I have always felt that one of Facebook's genuine strengths was that I could loosely keep tabs on folks that I had long lost contact with. Updates about friends from high school and college whose lives I genuinely miss being a part of now have their lives played out in front of me on a daily basis. Pictures of spouses and offspring float past, invariably bringing a smile to my face whether I hit the "like" button or not . It was a great way for me to reconnect with people through the flood of child care and writing that is now my life. I like to think that my updates do the same for them.

But then a few days ago, Facebook decided that I obviously couldn't possibly care about all of these people, so it cut back my feed to the top ten that I comment on on a regular basis. They have confused my passivity for apathy. Among the people that wound up filtered out were my wife and three of my closest friends. This made no sense to me until I tried to set up a Google + account, and saw the paradigm that Facebook is scrambling to emulate.

I think that Facebook has really turned a corner. Rather than being the trendsetter, they are now playing catch-up, much as MySpace wound up doing with them a few years ago.

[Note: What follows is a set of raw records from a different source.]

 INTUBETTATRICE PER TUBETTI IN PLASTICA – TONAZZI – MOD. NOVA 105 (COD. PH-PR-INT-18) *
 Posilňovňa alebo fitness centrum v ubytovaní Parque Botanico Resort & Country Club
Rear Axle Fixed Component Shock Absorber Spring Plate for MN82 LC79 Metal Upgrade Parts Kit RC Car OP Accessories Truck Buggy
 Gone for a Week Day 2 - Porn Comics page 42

I would think that it would benefit them to just make their own product as useful as possible (Where's my damn dislike button?) and to stop copying others.

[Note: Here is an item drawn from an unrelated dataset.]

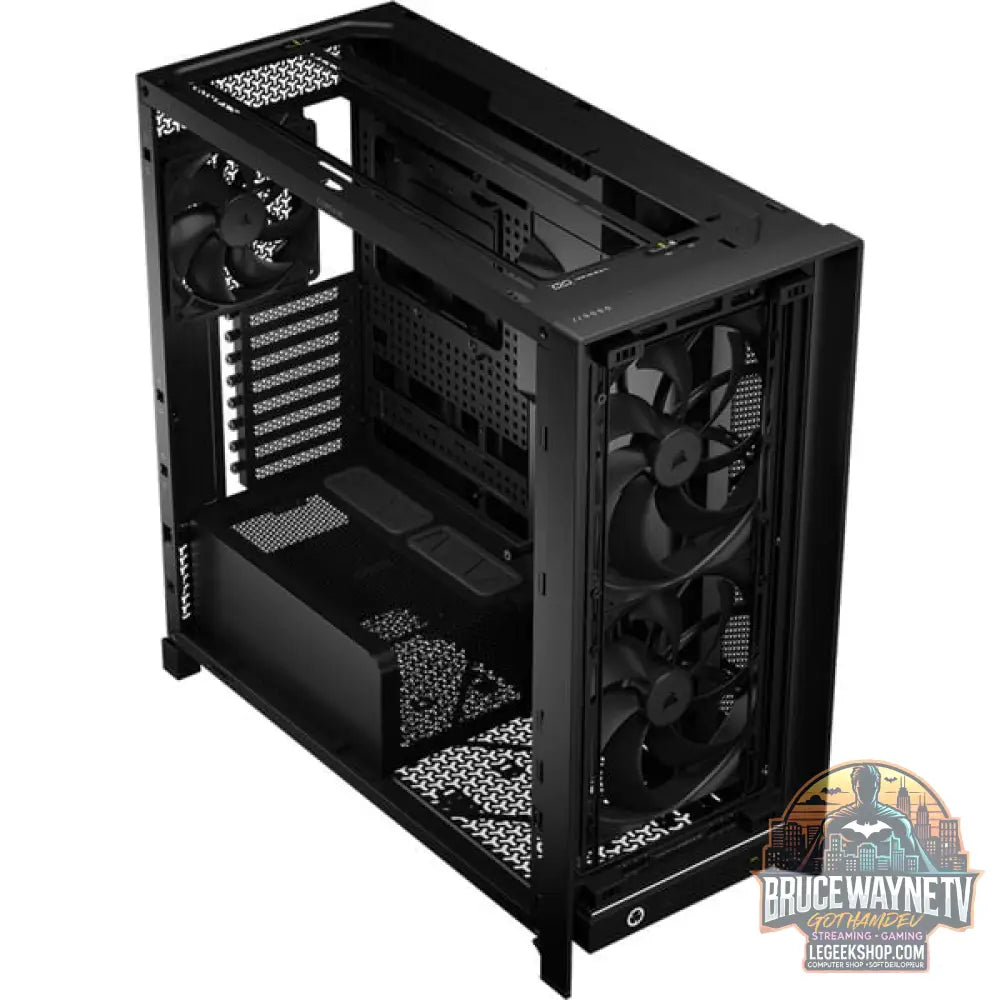 Corsair FRAME 5000D WOOD RS, Tower-Gehäuse - Corsair - vue 10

Tuesday, September 27, 2011

From the Short Stuff Journal series- Why I wish I was better at math.

Short stuff is now doing journaling assignments in class, and I told him that I would write too. After all, it's difficult to tell the boy to do an assignment when he sees his writer step-dad doing nothing... So, I told him I would write on my blog about anything he was told to write about in class. I may make it a weekly thing.

I wish I was better at math for a number of reasons. Math would help me manage my finances better, that's for sure. I mean, money isn't really that much of a problem for us these days, in that our bills are paid on a fairly regular basis, but things have been tight of late. If I was better at math I would be better at budgeting what little money we do have.

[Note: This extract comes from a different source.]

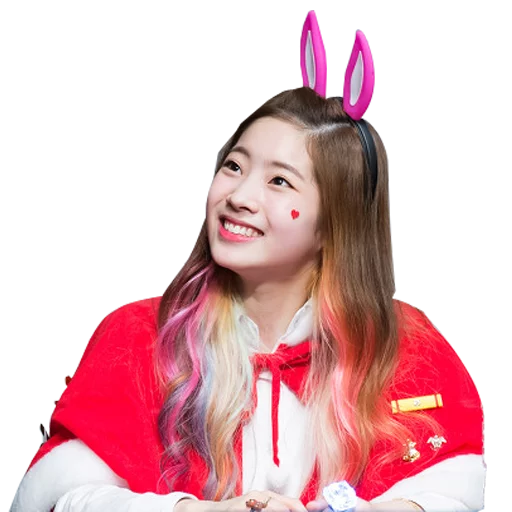 😊 Стикер «Dahyun TWice» для Telegram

Another reason I wish that I was better at math is that I probably would have wound up in a much different career... I wanted to be a scientist or engineer when I was young, and then later a computer programmer... but I found out at an early age that I have no brain for either languages or math. I suppose I should consider myself lucky that I do so well at English, all thing considered or I would be screwed.

Monday, September 26, 2011

Dr Strangebook, (Or, how I learned to stop worrying and love the Blog)

A lot of my thoughts are strictly one liners. I make no apologies about this, but sadly it means that they are far better suited for the "status update" or "tweet" than the "blog".

Coming up with Blog entries is hard. It can be discouraging, educational, and maddening at times to come up with just a few paragraphs that are all at once inspirational, interesting and entertaining all at the same time. I shouldn't be so self conscious about it I suppose, but let's face it, all of us write on some level to be read.

Blogging, I think is one of the more primal exercises in writing. It's not that I don't have a tremendous amount of respect for those that make a popular blog, but the act of blogging is a little like spitting out the best and worst of yourself out on a page, unedited for the world to see. At least with sites like Facebook, you always have a measure of control over who actually reads your words... but blogs are usually very public places.

I have recently come to the conclusion that if you're really worried about who reads what you write and how they will react to it you probably shouldn't be a writer. I have had reason to be worried in the past, too... I have had at least two of my jobs placed in jeopardy, and watched a fellow promising writers career go down in flames due to the raging beast that is the internet. But that was then, and this is now. I no longer work for anyone, save my wife, kids, and personal sense of duty.

I need to be out there on the web sticking it to the man, you know? Or at the very least poking him with a rubber chicken or two.